Company Website:
http://www.ppg.com
PITTSBURGH -- (Business Wire)
PPG Industries (NYSE: PPG) today announced the final proration factor of
14.986286 percent for its exchange offer of PPG common stock in
connection with the separation of PPG’s commodity chemicals business and
merger of Eagle Spinco Inc., the entity holding PPG’s former commodity
chemicals business, with a subsidiary of Georgia Gulf Corporation.
On Jan. 28, 2013, a subsidiary of Georgia Gulf Corporation merged with
and into Eagle Spinco, with Eagle Spinco surviving the merger. The
combined company formed by uniting Georgia Gulf with PPG’s former
commodity chemicals business is now named Axiall Corporation and is
traded on the New York Stock Exchange under the ticker symbol AXLL.

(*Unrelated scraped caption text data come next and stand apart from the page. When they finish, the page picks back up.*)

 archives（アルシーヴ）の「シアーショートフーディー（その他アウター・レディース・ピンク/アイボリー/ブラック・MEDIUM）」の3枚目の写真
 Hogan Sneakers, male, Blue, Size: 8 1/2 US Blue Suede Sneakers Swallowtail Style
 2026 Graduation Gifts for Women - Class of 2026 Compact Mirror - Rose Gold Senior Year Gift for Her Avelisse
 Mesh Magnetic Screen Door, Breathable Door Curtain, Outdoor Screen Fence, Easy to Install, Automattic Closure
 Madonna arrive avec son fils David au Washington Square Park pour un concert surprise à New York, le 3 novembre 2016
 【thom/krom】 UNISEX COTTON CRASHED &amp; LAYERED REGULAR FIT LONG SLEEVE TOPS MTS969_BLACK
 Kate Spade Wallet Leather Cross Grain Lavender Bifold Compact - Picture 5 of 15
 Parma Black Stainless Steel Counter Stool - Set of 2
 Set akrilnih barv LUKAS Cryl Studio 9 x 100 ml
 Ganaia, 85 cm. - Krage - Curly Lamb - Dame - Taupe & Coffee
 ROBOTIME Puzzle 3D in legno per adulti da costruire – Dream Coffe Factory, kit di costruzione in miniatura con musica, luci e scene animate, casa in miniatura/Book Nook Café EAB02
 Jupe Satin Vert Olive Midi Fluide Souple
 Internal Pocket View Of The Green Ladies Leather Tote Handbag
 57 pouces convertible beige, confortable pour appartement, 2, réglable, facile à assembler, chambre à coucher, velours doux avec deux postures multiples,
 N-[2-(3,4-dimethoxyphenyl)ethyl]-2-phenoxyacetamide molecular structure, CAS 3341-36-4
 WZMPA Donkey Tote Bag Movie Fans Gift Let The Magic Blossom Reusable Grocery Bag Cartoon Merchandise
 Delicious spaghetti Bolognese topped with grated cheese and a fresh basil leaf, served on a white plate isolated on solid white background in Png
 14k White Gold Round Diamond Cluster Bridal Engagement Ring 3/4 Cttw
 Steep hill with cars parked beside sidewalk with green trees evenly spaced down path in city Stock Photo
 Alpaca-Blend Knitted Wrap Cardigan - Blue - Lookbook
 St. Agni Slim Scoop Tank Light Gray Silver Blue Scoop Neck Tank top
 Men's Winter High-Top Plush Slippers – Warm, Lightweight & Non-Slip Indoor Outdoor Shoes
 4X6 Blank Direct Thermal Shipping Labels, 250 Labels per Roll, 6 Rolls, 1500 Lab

A total of 68,933,881 shares of PPG common stock were validly tendered
in the exchange offer, including 581,782 shares tendered by odd-lot
shareholders. Odd-lot shareholders were not subject to proration, and
their shares were fully accepted in the offer. All remaining validly
tendered shares of PPG common stock were accepted in the exchange on a
pro rata basis using the final proration factor. Shares of PPG common
stock that were validly tendered but not accepted for exchange will be
returned to tendering shareholders.
Under the terms of the exchange offer, 35,249,104 shares of Eagle Spinco
common stock were available for distribution in exchange for shares of
PPG common stock accepted in the offer. Following the merger, each share
of Eagle Spinco common stock automatically converted into the right to
receive one share of Axiall Corporation common stock. Accordingly, PPG
shareholders who tendered their shares of PPG common stock as part of
this offer received 3.2562 shares of Axiall Corporation common stock for
each share of PPG common stock accepted for exchange. PPG was able to
accept the maximum of 10,825,227 shares of PPG common stock for exchange
in the offer, or approximately 7 percent of its outstanding shares.
Whole shares of Axiall Corporation common stock in uncertificated form
will be received by PPG shareholders whose common stock was accepted in
the exchange. Under the terms of the exchange offer, fractional shares
of Axiall Corporation common stock will not be issued. Rather,
fractional shares will be aggregated and sold with the net cash proceeds
from the sale distributed to the respective tendering shareholders with
fractional interests.
PPG: BRINGING INNOVATION TO THE SURFACE.(TM)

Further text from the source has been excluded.